Я прочитал письмо. Вновь и вновь. Пусть она меня забудет. Что ей со мной делать? Что мне с самим собой делать? Она писала мне с угрызениями совести. Целый вечер танцевала. Но я не могу без нее. Слишком сильно ее люблю, а она слишком хорошо меня понимает. Иной раз мне даже не надо раскрывать рта. Мне так не хватает нашей тишины вдвоем. «Какой ты симпатичный», — Вида треплет меня по щеке. Дурочка она. Обходится со мной как с ребенком. Даже хуже.
«Что вы с нами делаете? Почему такая истерика все утро? Неужели готовится новое наступление?»
«Далеко вас отправляем. В тыл, в надежное место».
«Письмо. Положи мне это письмо в вещмешок».
Санитарка улыбается.
«Что-то давно ее не было. Давно».
Нет, Вида не дурочка. Она еще и ехидничает. Что это она хочет мне сказать? Давно ее не было. Чем же она занята? Я был с ней слишком суров? Я думал только о себе, о своей боли.
Безногих уложили на носилки, завязали глаза. Опять темнота и неизвестность. Эта постоянная зависимость от других. Куда нас опять несут? Вниз с холма? Развязывают глаза. Укладывают в грузовики.
«Там будет лучше, безопаснее», — слышу доктора Богдана.
«Скажи ей», — прошу его.
«Не волнуйся.
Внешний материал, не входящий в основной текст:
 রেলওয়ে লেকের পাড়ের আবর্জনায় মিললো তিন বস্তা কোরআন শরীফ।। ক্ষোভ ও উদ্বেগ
Держись, счастливого пути!»
Не забуду его рукопожатие.
Едем. На грузовике тихих стонов. На грузовике отчаяния.
Теперь в самолет. Американский самолет. Италия. Бари. Лежим на носилках, на берегу. Море, солнце, залив. Залив потерянных. Или забытых?
Море я увидела без Марии. Оно прекраснее, чем я себе представляла, прекраснее, чем в моих мечтах. Но только так пусто было без нее, без Марии, что и море — не море. Свобода тоже придет без Марии? Свобода настанет и без Анчки, и без Мары, и без братьев, и без родителей, и без… без него? Свобода придет, а я останусь одна?
Мне сказали, что тяжелораненых американцы начали перевозить в Италию. На самолетах. На тот берег моря. И его тоже. Он прислал мне письмо. Его научили ходить на костылях, и теперь ждет протез. Как он это выдержит? Боюсь, как бы в один прекрасный день он все не бросил.
«Я не вернусь, — пишет он. — Когда научусь ходить, то уеду за океан. В Америку. Отсюда, из Италии ближе. И проще. Буду разыскивать отца. Не жди меня. Если про меня скажут, что я предатель, ты знаешь, что это не так».